=== Begin Enclosure ===

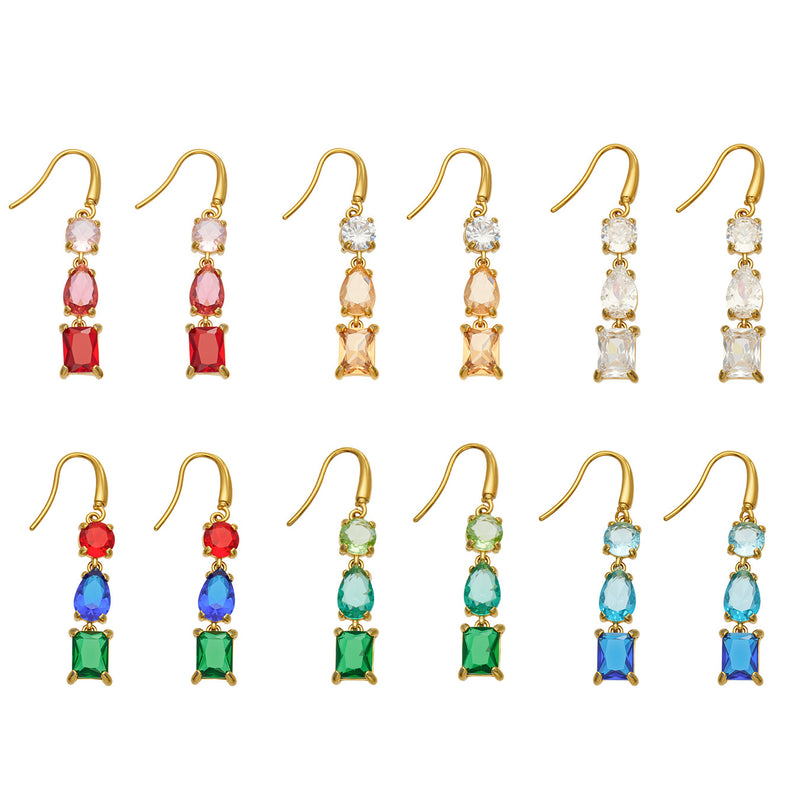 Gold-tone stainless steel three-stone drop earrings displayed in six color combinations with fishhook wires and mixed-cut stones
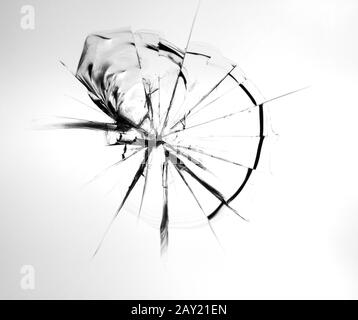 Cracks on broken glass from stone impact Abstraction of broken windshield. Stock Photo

=== End Enclosure ===
=== Begin Enclosure ===

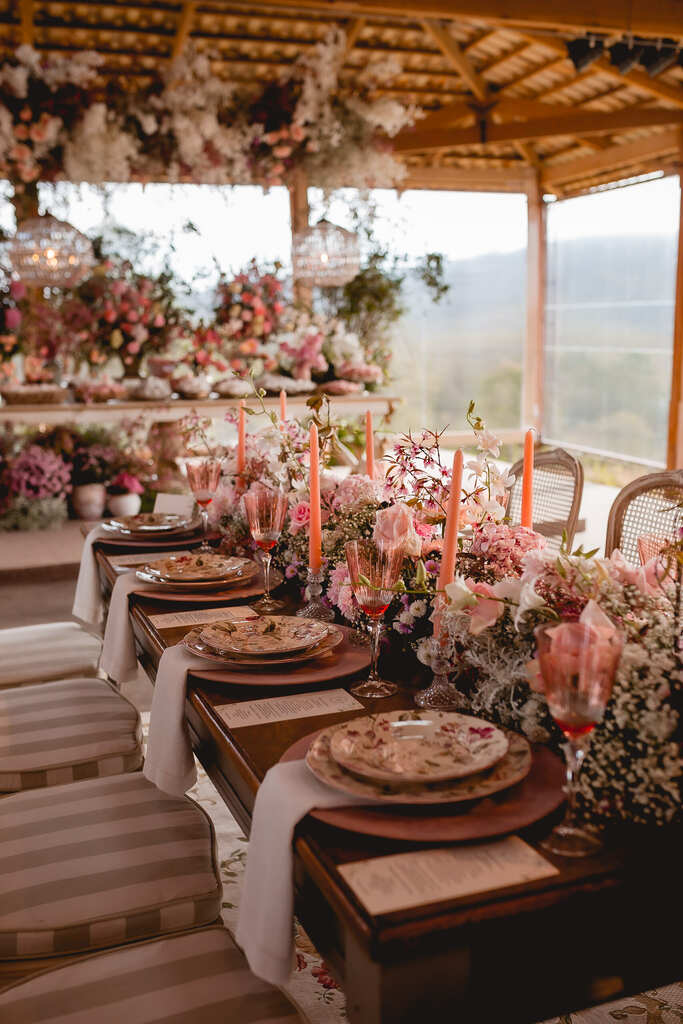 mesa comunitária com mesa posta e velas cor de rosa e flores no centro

=== End Enclosure ===
=== Begin Enclosure ===

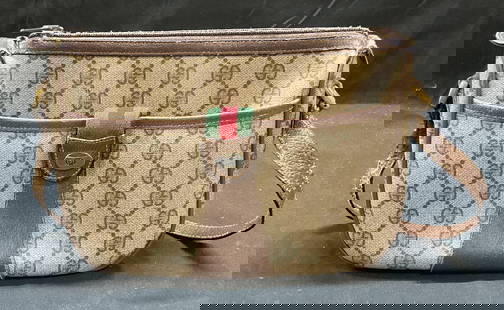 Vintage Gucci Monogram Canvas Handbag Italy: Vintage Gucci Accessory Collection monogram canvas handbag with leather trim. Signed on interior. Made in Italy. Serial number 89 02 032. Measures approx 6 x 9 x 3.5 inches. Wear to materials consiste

=== End Enclosure ===

• [WORK ITEM]: From the line with "Gold-tone stainless steel" up to and including the line with "Cracks on broken" above, retype every line exactly and nothing more; leave out the pictures.

• [TASK OUTPUT]:
 Gold-tone stainless steel three-stone drop earrings displayed in six color combinations with fishhook wires and mixed-cut stones
 Cracks on broken glass from stone impact Abstraction of broken windshield. Stock Photo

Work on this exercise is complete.